───── Input records ─────

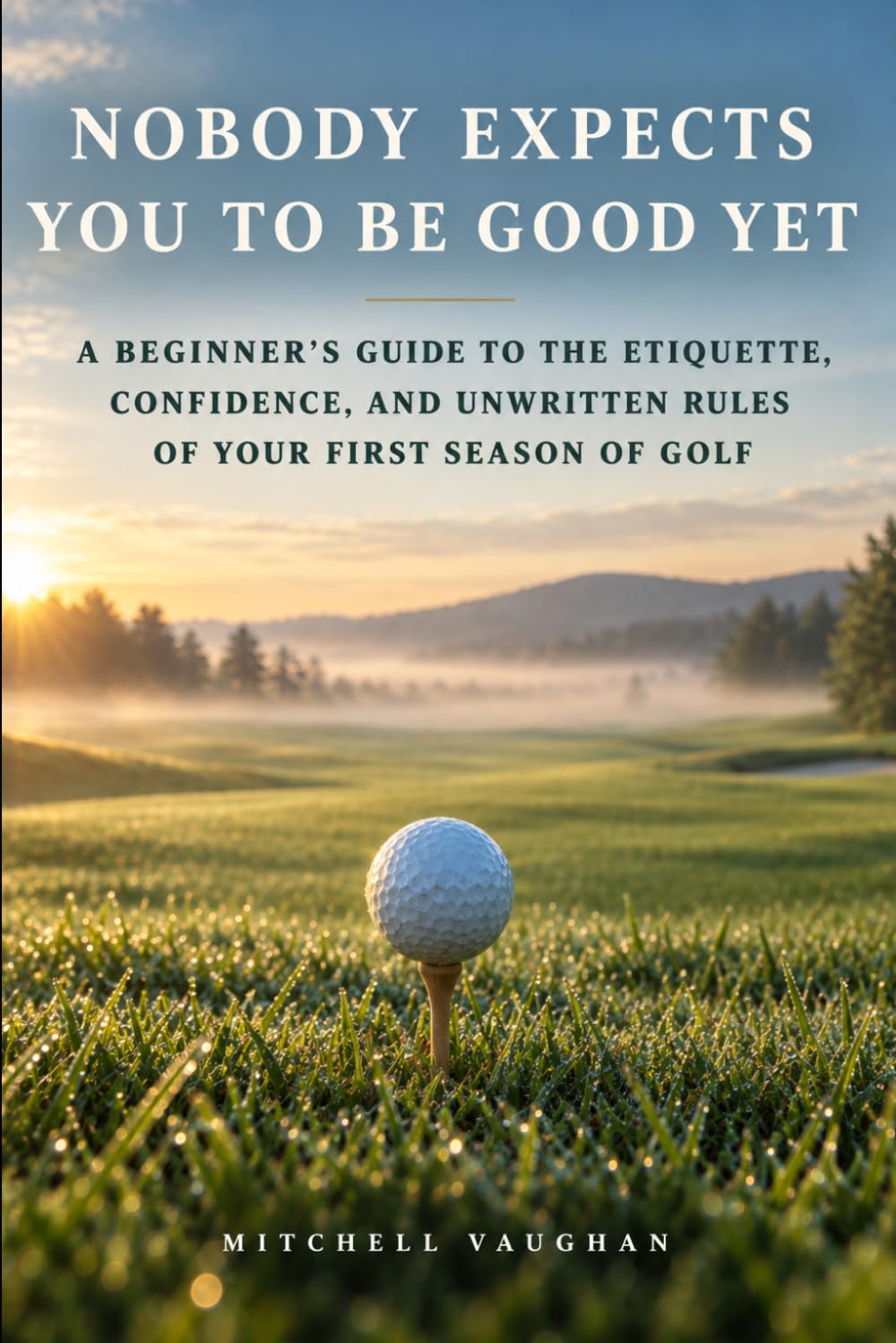 Nobody Expects You to Be Good Yet: A Beginner's Guide to the Etiquette, Confidence, and Unwritten Rules of Your First Season of Golf baixar livro de graça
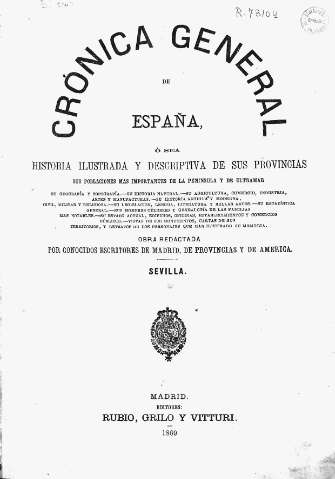 Crónica general de España ó sea Historia ilustrada y descriptiva de sus provincias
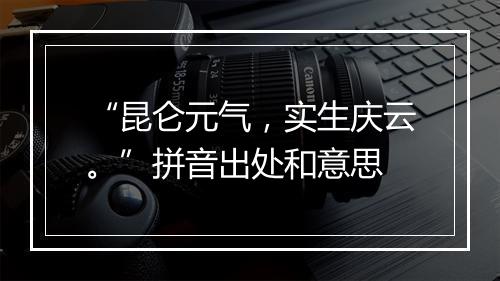 “昆仑元气，实生庆云。”拼音出处和意思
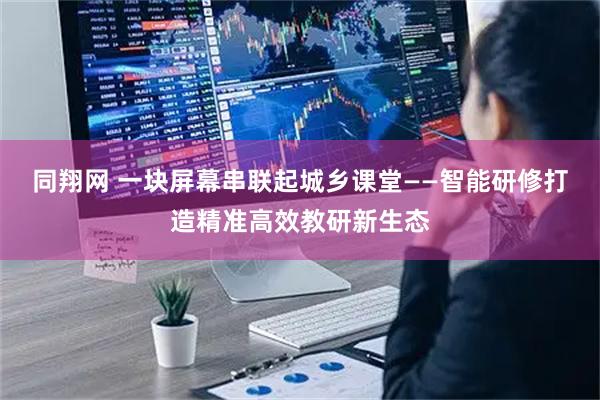 同翔网 一块屏幕串联起城乡课堂——智能研修打造精准高效教研新生态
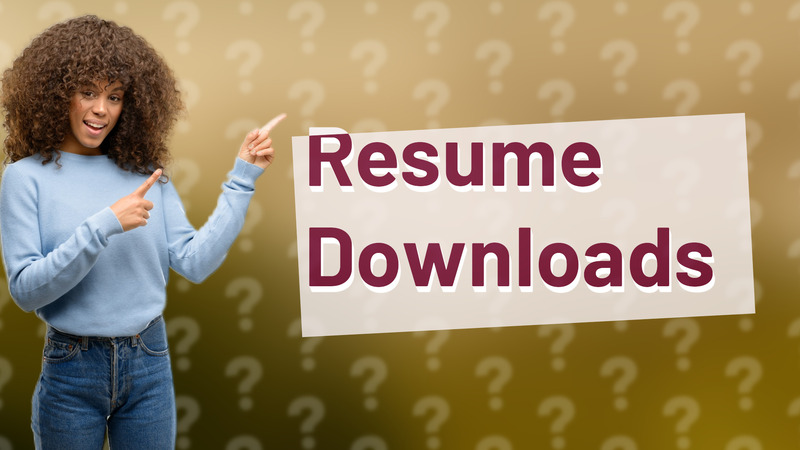 Resume Downloads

─────

Exercise requirements: Print the full listing above exactly. Pictures stay out of the copy.

Exercise result:
 Nobody Expects You to Be Good Yet: A Beginner's Guide to the Etiquette, Confidence, and Unwritten Rules of Your First Season of Golf baixar livro de graça
 Crónica general de España ó sea Historia ilustrada y descriptiva de sus provincias
 “昆仑元气，实生庆云。”拼音出处和意思
 同翔网 一块屏幕串联起城乡课堂——智能研修打造精准高效教研新生态
 Resume Downloads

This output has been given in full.